IZU UGONOH: DAŁEM Z SIEBIE WSZYSTKO

Marcin Olkiewicz, World Boxing News

2017-02-26

- Chciałem go znokautować. Taki był mój plan i naprawdę w to wierzyłem, a on niczym mnie nie zaskoczył. Udało mi się doprowadzić do celu kilka dobrych uderzeń na korpus i twarz. Breazeale pokazał jednak, że ma ogromne serce do walki. Myślę też, że pomogło mu w odniesieniu wygranej jego doświadczenie - powiedział Izu Ugonoh (17-1, 14 KO) po pierwszej zawodowej porażce.

Przypomnijmy, że urodzony w Szczecinie zawodnik wczorajszego wieczoru po dramatycznym boju uległ w piątej rundzie Dominikowi Breazeale (18-1, 16 KO). Polski pięściarz przyznał, że w kluczowym momencie pojedynku zabrakło mu "paliwa".

- Szczerze mówiąc byłem zmęczony. Dałem z siebie wszystko, co miałem. Kiedy on po liczeniu wrocił do walki nie miałem wystarczająco dużo sił, aby kontynuować realizację planu gry - wyznał Izu.

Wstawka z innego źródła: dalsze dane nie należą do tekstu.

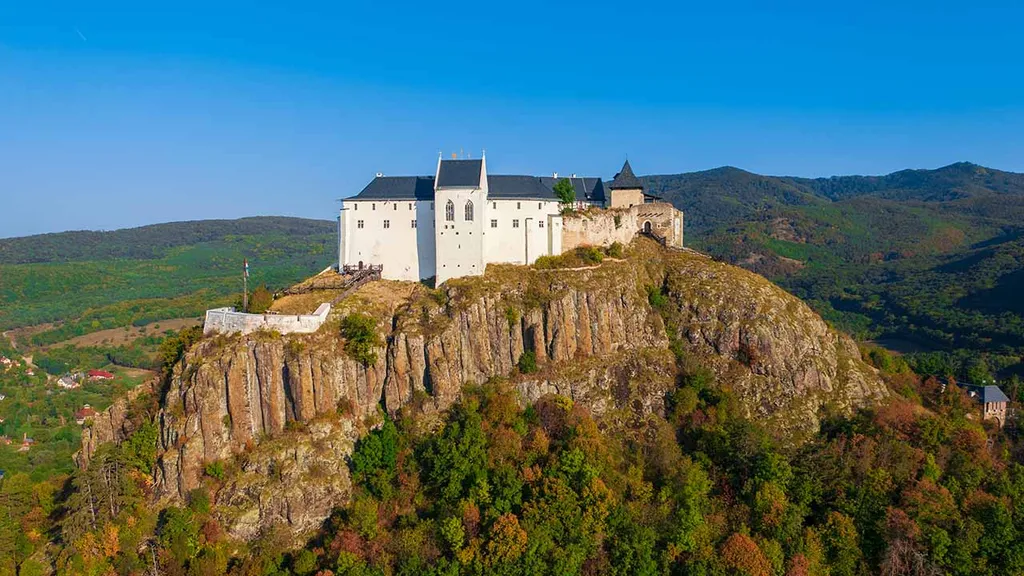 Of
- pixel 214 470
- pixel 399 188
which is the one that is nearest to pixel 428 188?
pixel 399 188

- Plan był taki, aby stopować go lewym prostym, ale nie mam zamiaru szukać teraz wymówek. Taki jest boks. To była dla mnie ogromna szansa, duży krok naprzód, miałem nadzieję, że uda mi się go postawić. Nie udało się, ale to jest część tego sportu. Nie przywykłem do porażki, ale taki dzień właśnie nadszedł. Nadal jestem jednak niebezpiecznym zawodnikiem - zakończył Izu Ugonoh.